Paolo Bonzini July 18, 2019, 7:59 a.m. UTC | #3

On 12/07/19 09:15, Wanpeng Li wrote:
> diff --git a/virt/kvm/kvm_main.c b/virt/kvm/kvm_main.c
> index b4ab59d..2c46705 100644
> --- a/virt/kvm/kvm_main.c
> +++ b/virt/kvm/kvm_main.c
> @@ -2404,8 +2404,10 @@ void kvm_vcpu_kick(struct kvm_vcpu *vcpu)
>  	int me;
>  	int cpu = vcpu->cpu;
>  
> -	if (kvm_vcpu_wake_up(vcpu))
> +	if (kvm_vcpu_wake_up(vcpu)) {
> +		vcpu->preempted = true;
>  		return;
> +	}
>  
>  	me = get_cpu();
>  	if (cpu != me && (unsigned)cpu < nr_cpu_ids && cpu_online(cpu))
> 

Who is resetting vcpu->preempted to false in this case?  This also
applies to s390 in fact.

Paolo

Christian Borntraeger July 18, 2019, 8:15 a.m. UTC | #4

On 18.07.19 09:59, Paolo Bonzini wrote:
> On 12/07/19 09:15, Wanpeng Li wrote:
>> diff --git a/virt/kvm/kvm_main.c b/virt/kvm/kvm_main.c
>> index b4ab59d..2c46705 100644
>> --- a/virt/kvm/kvm_main.c
>> +++ b/virt/kvm/kvm_main.c
>> @@ -2404,8 +2404,10 @@ void kvm_vcpu_kick(struct kvm_vcpu *vcpu)
>>  	int me;
>>  	int cpu = vcpu->cpu;
>>  
>> -	if (kvm_vcpu_wake_up(vcpu))
>> +	if (kvm_vcpu_wake_up(vcpu)) {
>> +		vcpu->preempted = true;
>>  		return;
>> +	}
>>  
>>  	me = get_cpu();
>>  	if (cpu != me && (unsigned)cpu < nr_cpu_ids && cpu_online(cpu))
>>
> 
> Who is resetting vcpu->preempted to false in this case?  This also
> applies to s390 in fact.

Isnt that done by the sched_in handler?

Paolo Bonzini July 18, 2019, 8:34 a.m.
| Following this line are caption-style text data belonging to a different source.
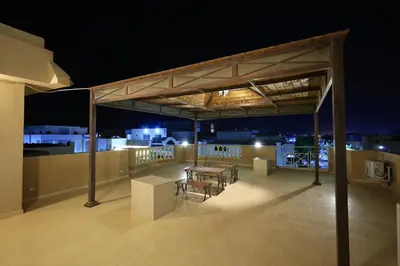 a rooftop deck with a table and chairs at night at Magawish Bliss , Elegant Hurghada Apartment in Hurghada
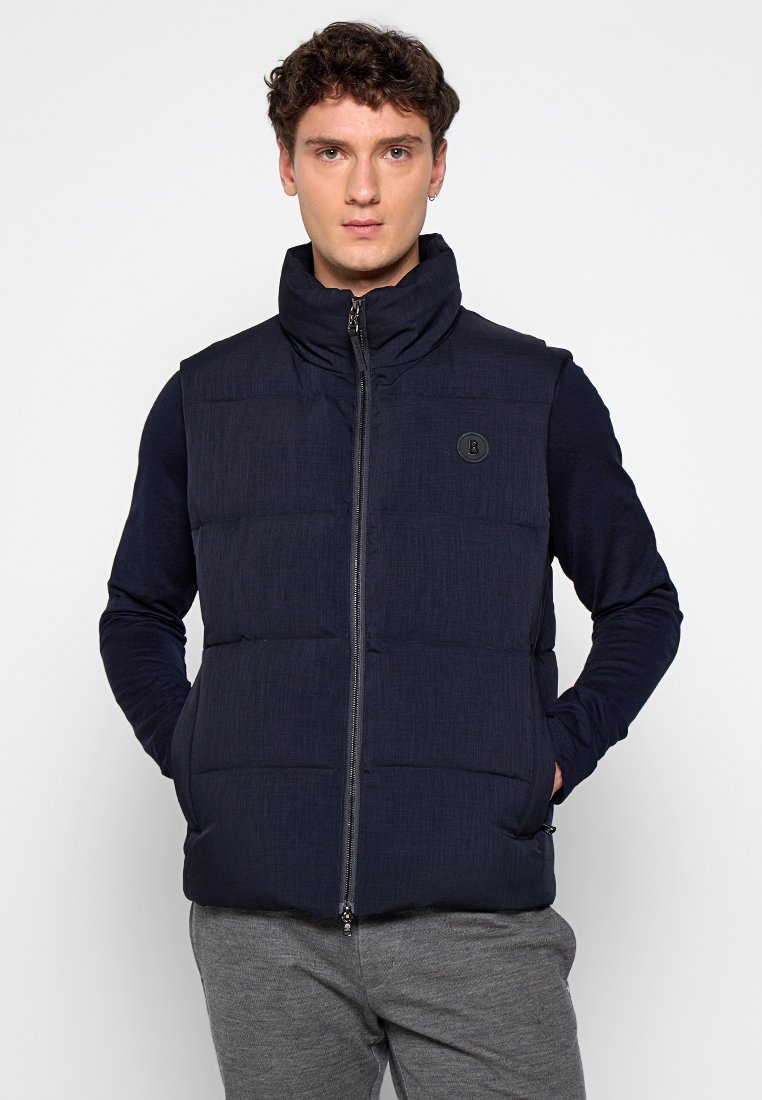 Dunkelblauer Puffer-Weste mit hohem Kragen, Reißverschluss vorne und strukturiertem Stoff. Mit Logo-Patch und zwei Seitentaschen, getragen über einem Langarmshirt.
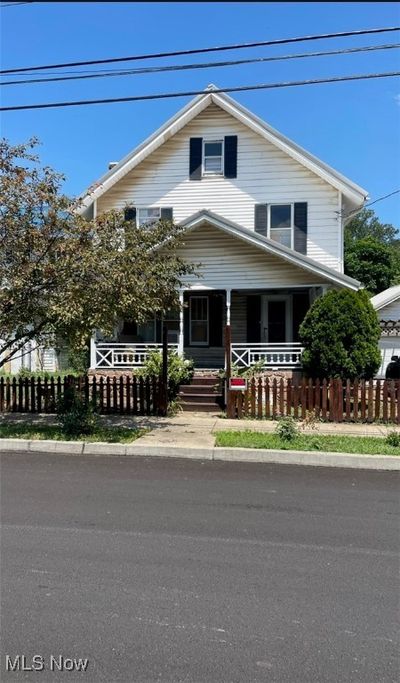 View of front facade with a porch | Image 1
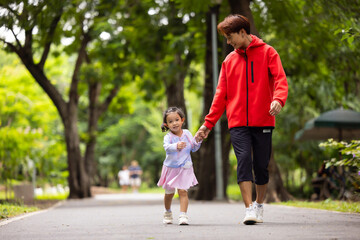 Fototapeta premium Energy, Asian girl and father running outdoor for child development or growth. Adventure, excited and path with happy kid in nature park for outdoors activity. Healthy outdoor sport for kids.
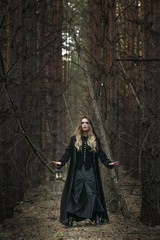 Halloween. beautiful girl with a lantern in a black dress in the forest.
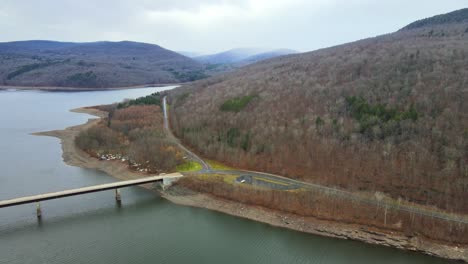 A-drone-flying-high-along-a-mountain-road,-then-panning-sideways-over-a-mountain-lake-and-bridge-during-early-winter-in-the-northern-Appalachian-mountains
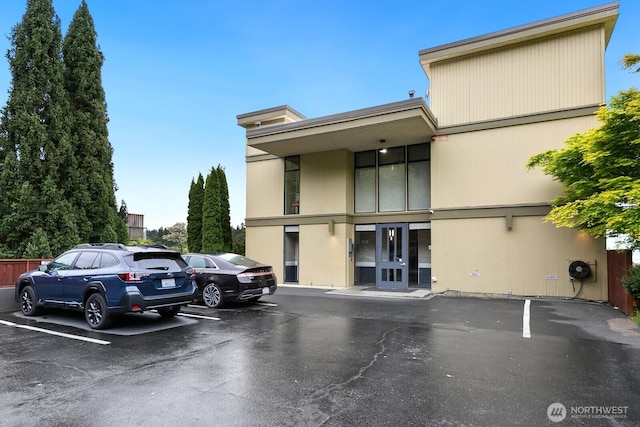 view of property with uncovered parking
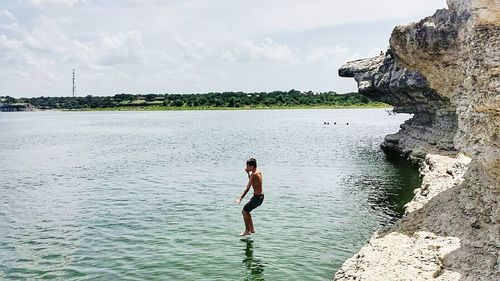 Young woman in water against sky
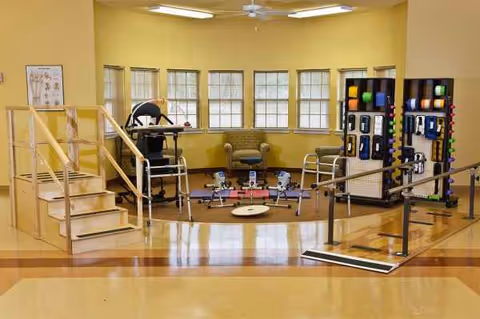 Interior rehabilitation gym at Villa Toscana at Cypress Woods with parallel bars and exercise equipment.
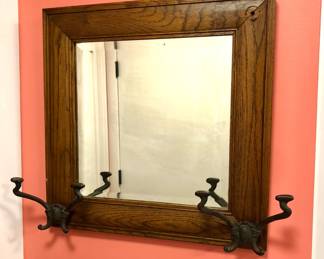 Antique oak mirror with cast iron hooks (20” square)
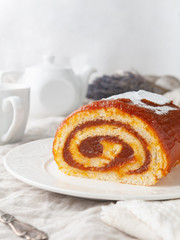 A piece of homemade sponge cake with apple jam. On a white plate. In the background is a white teapot and a mug. Close-up.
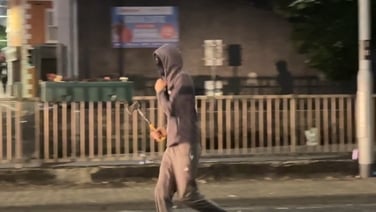 A hatchet was thrown at police during a third night of disorder in Northern Ireland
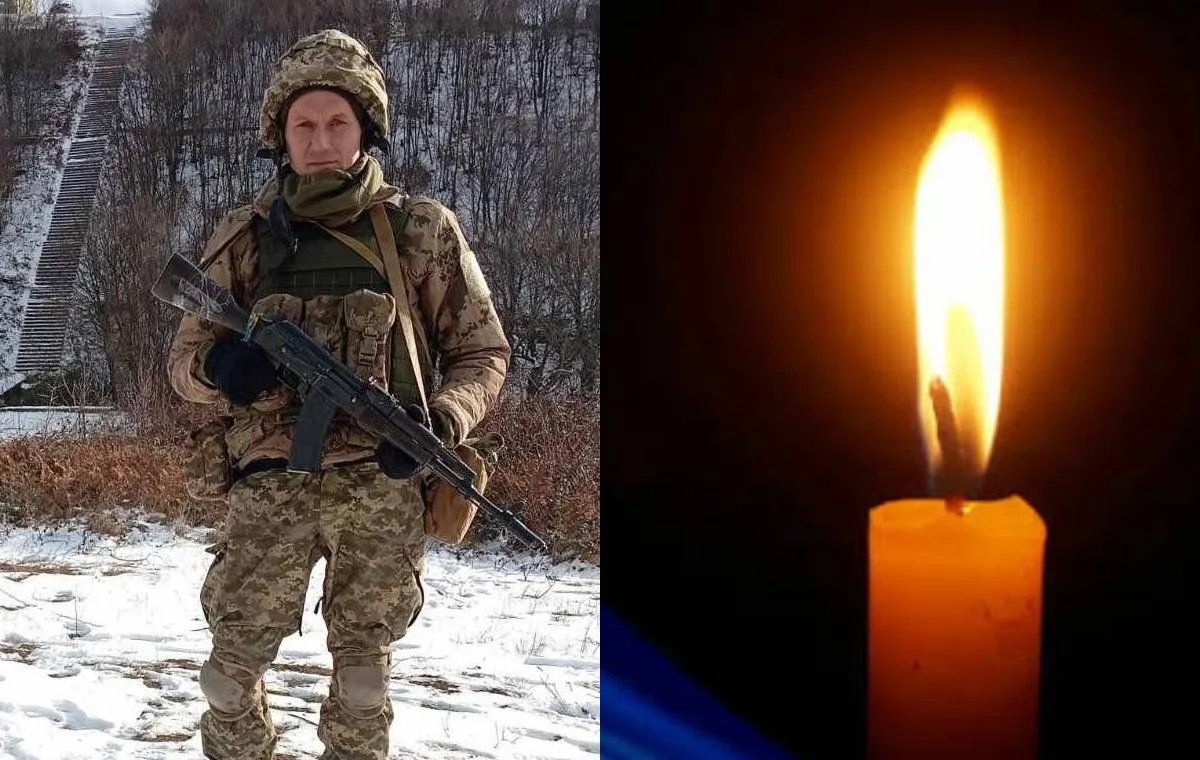 Військовий зі зброєю поруч із запаленою свічкою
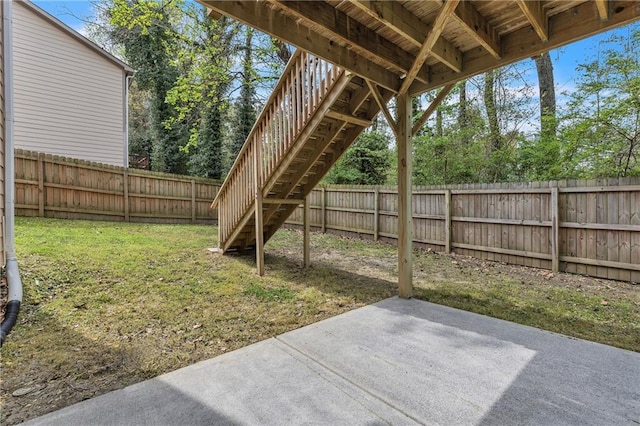 view of yard with a patio area, stairway, and a fenced backyard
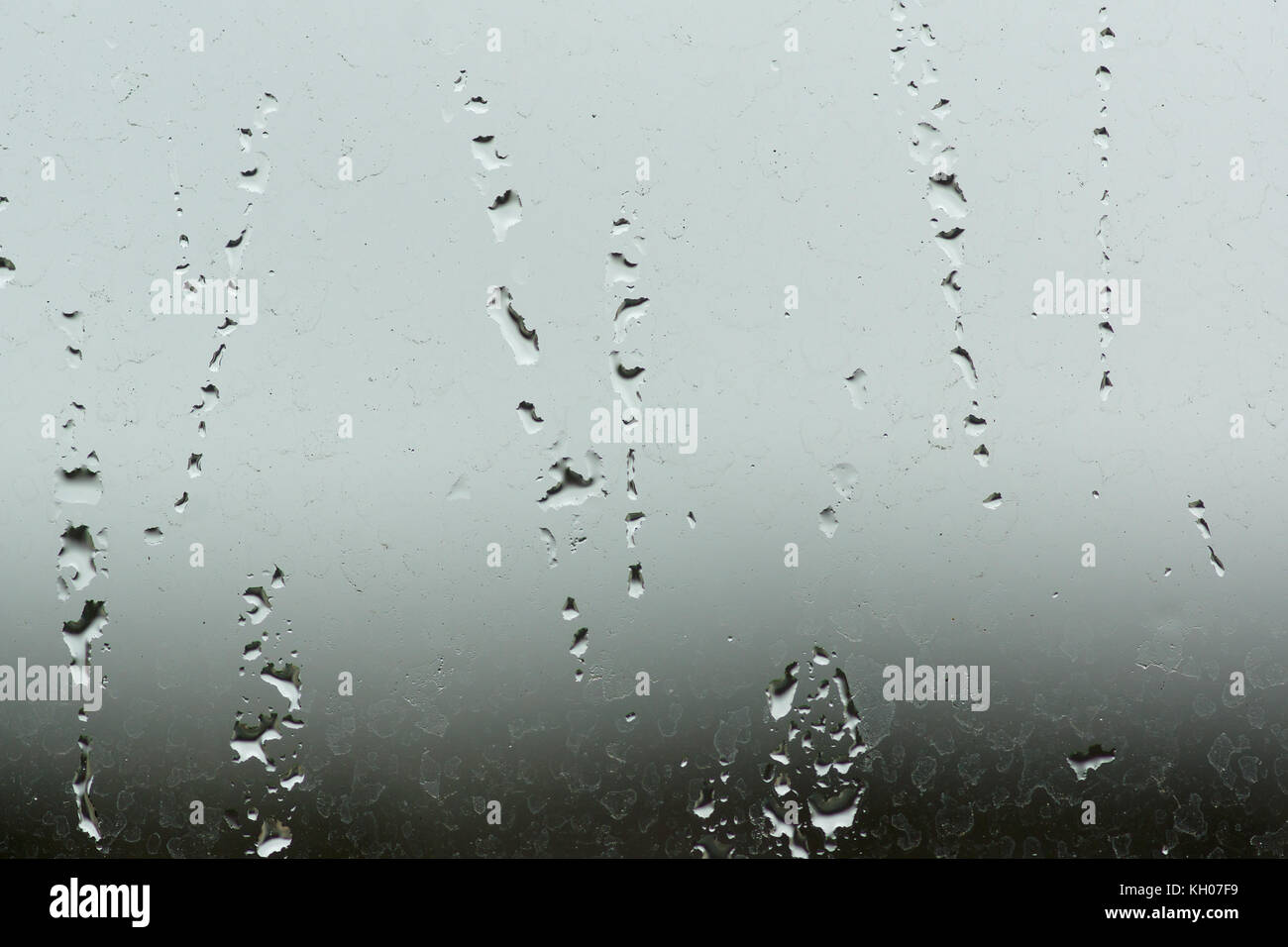 Le goccioline di acqua e flussi di acqua sul vetro Foto Stock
UTC | #5

On 18/07/19 10:15, Christian Borntraeger wrote:
> 
> 
> On 18.07.19 09:59, Paolo Bonzini wrote:
>> On 12/07/19 09:15, Wanpeng Li wrote:
>>> diff --git a/virt/kvm/kvm_main.c b/virt/kvm/kvm_main.c
>>> index b4ab59d..2c46705 100644
>>> --- a/virt/kvm/kvm_main.c
>>> +++ b/virt/kvm/kvm_main.c
>>> @@ -2404,8 +2404,10 @@ void kvm_vcpu_kick(struct kvm_vcpu *vcpu)
>>>  	int me;
>>>  	int cpu = vcpu->cpu;
>>>  
>>> -	if (kvm_vcpu_wake_up(vcpu))
>>> +	if (kvm_vcpu_wake_up(vcpu)) {
>>> +		vcpu->preempted = true;
>>>  		return;
>>> +	}
>>>  
>>>  	me = get_cpu();
>>>  	if (cpu != me && (unsigned)cpu < nr_cpu_ids && cpu_online(cpu))
>>>
>>
>> Who is resetting vcpu->preempted to false in this case?  This also
>> applies to s390 in fact.
> 
> Isnt that done by the sched_in handler?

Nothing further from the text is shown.